Taking the line with "MOSHU V Neck" as the first and the line with "Karnak Tavon Office" as the last, set down the lines below exactly, pictures excluded.

** RECORDS FOR THE TASK **
--------------------------------------------------

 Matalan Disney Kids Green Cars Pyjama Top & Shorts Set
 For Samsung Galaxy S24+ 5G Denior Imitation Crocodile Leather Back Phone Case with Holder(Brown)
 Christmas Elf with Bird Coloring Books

--------------------------------------------------

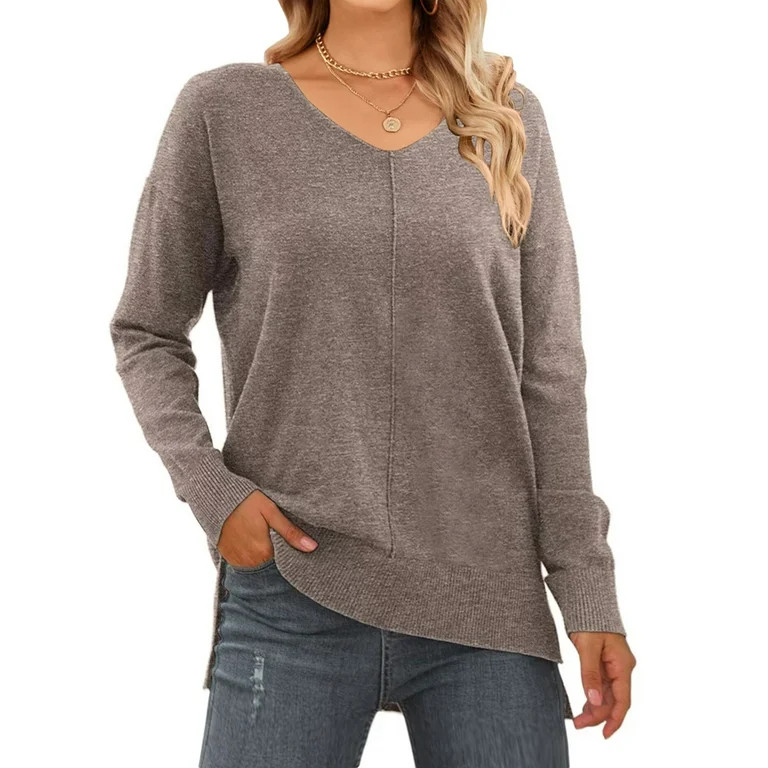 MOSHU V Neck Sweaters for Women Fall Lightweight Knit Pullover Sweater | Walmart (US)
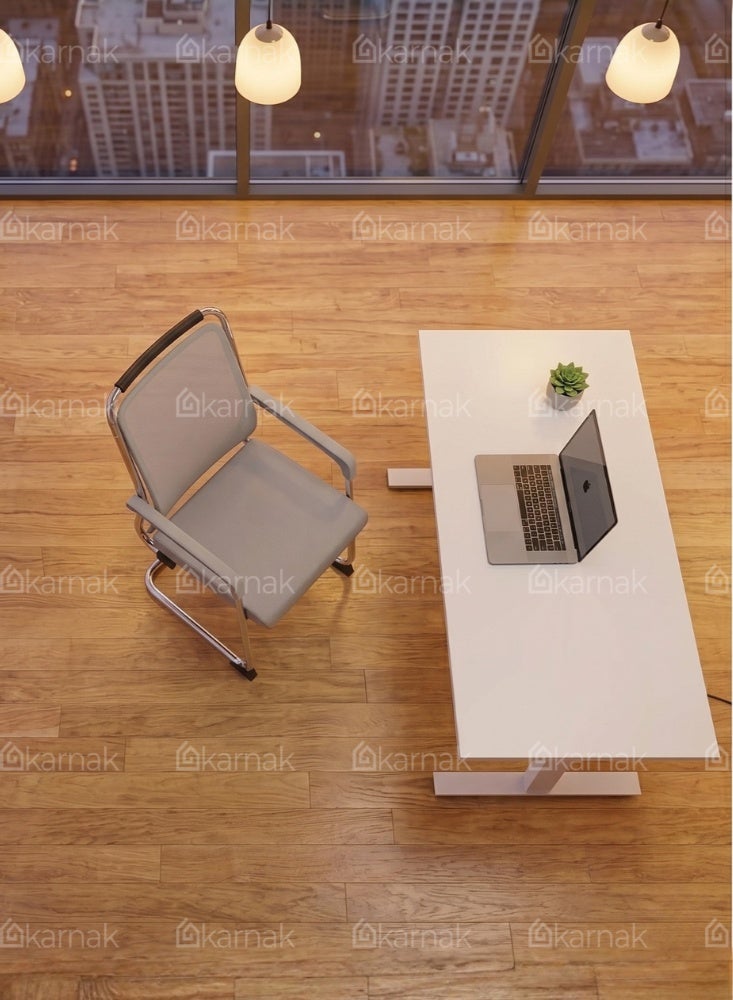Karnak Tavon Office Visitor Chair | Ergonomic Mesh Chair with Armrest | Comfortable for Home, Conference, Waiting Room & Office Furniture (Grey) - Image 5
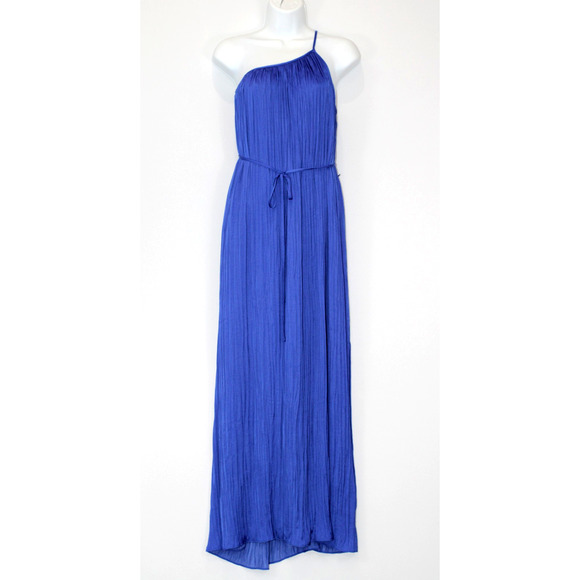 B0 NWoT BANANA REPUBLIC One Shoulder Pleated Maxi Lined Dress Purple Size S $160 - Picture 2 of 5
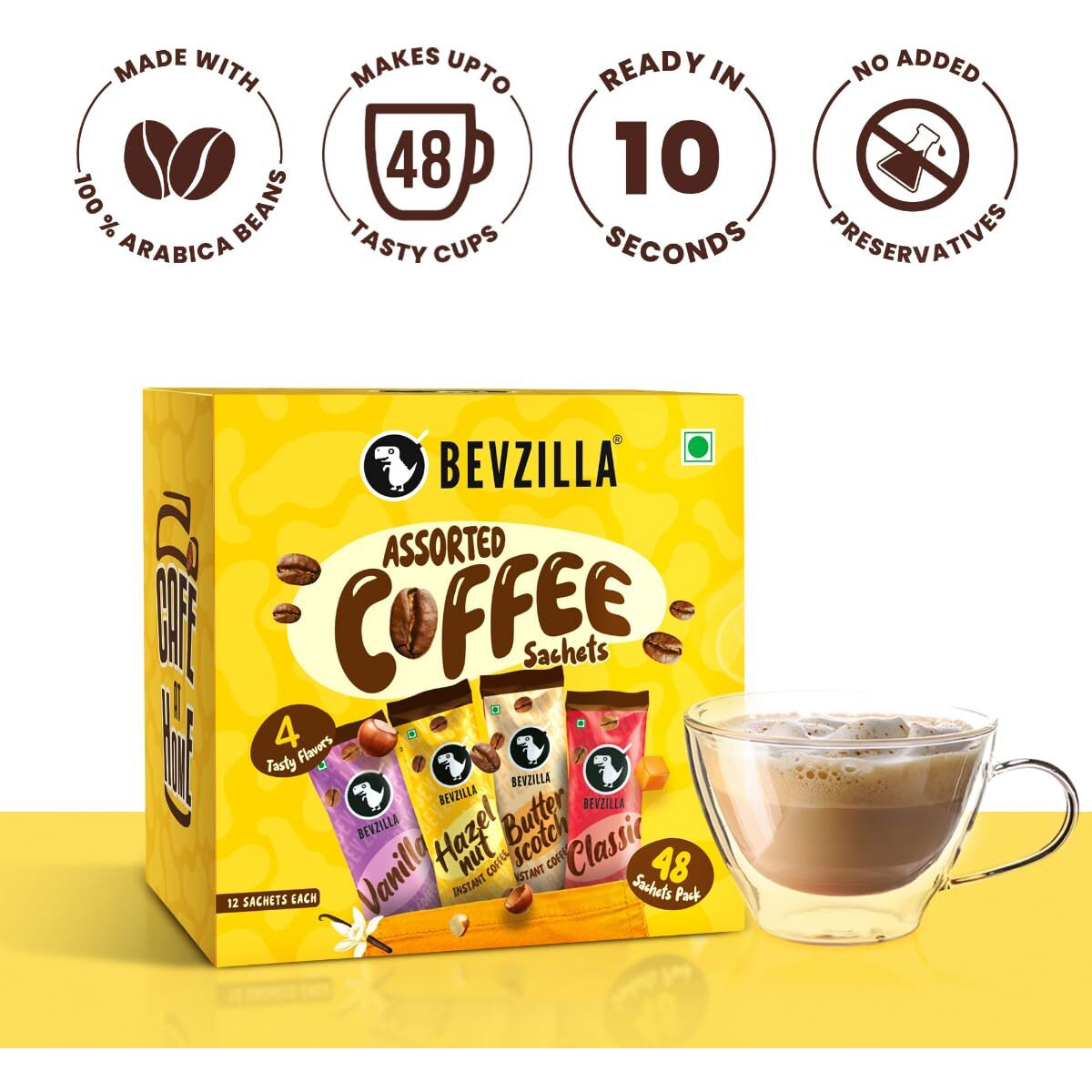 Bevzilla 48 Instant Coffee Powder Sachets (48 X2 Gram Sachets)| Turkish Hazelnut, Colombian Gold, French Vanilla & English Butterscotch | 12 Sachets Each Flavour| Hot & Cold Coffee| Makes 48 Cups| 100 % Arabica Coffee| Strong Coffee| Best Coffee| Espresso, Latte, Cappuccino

--------------------------------------------------

** YOUR SOLUTION **
 MOSHU V Neck Sweaters for Women Fall Lightweight Knit Pullover Sweater | Walmart (US)
Karnak Tavon Office Visitor Chair | Ergonomic Mesh Chair with Armrest | Comfortable for Home, Conference, Waiting Room & Office Furniture (Grey) - Image 5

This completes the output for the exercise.